_Directions for this task_.
Copy out, exactly and with nothing else, the stretch of lines that starts at the line containing "sac à dos de" and finishes at the end of the data.

Data entries
= = = = =

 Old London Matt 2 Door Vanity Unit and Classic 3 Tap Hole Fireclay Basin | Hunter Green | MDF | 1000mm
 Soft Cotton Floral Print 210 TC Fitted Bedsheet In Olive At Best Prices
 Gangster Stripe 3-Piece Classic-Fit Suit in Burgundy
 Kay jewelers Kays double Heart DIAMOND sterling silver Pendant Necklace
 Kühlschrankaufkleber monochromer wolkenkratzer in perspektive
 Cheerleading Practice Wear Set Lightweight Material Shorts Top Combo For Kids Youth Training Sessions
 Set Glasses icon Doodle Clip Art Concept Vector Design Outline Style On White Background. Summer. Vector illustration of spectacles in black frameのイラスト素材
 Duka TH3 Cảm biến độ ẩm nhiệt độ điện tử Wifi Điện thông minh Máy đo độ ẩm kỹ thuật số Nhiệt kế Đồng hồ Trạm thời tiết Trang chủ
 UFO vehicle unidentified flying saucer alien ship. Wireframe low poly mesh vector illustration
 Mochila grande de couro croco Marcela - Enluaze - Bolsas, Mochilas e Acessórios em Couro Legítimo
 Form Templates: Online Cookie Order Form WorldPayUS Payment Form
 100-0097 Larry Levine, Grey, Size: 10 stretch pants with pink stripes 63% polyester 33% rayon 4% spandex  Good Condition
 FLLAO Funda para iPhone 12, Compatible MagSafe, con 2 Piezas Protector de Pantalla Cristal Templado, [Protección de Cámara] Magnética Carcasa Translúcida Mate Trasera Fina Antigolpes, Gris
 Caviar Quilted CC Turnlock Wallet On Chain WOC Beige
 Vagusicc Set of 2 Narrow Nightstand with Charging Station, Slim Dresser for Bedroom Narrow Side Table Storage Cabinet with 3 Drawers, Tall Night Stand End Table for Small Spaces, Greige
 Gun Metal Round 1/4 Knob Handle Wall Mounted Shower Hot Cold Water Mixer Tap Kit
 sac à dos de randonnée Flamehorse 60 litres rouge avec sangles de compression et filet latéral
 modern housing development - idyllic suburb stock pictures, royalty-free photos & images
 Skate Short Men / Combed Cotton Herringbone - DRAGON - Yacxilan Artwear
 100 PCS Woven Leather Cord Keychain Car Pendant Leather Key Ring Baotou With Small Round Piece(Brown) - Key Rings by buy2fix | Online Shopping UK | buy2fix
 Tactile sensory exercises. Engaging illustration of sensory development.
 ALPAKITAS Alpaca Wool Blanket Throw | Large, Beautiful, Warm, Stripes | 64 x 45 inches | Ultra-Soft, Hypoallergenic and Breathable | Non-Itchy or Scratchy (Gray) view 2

= = = = =

_Task result_.
 sac à dos de randonnée Flamehorse 60 litres rouge avec sangles de compression et filet latéral
 modern housing development - idyllic suburb stock pictures, royalty-free photos & images
 Skate Short Men / Combed Cotton Herringbone - DRAGON - Yacxilan Artwear
 100 PCS Woven Leather Cord Keychain Car Pendant Leather Key Ring Baotou With Small Round Piece(Brown) - Key Rings by buy2fix | Online Shopping UK | buy2fix
 Tactile sensory exercises. Engaging illustration of sensory development.
 ALPAKITAS Alpaca Wool Blanket Throw | Large, Beautiful, Warm, Stripes | 64 x 45 inches | Ultra-Soft, Hypoallergenic and Breathable | Non-Itchy or Scratchy (Gray) view 2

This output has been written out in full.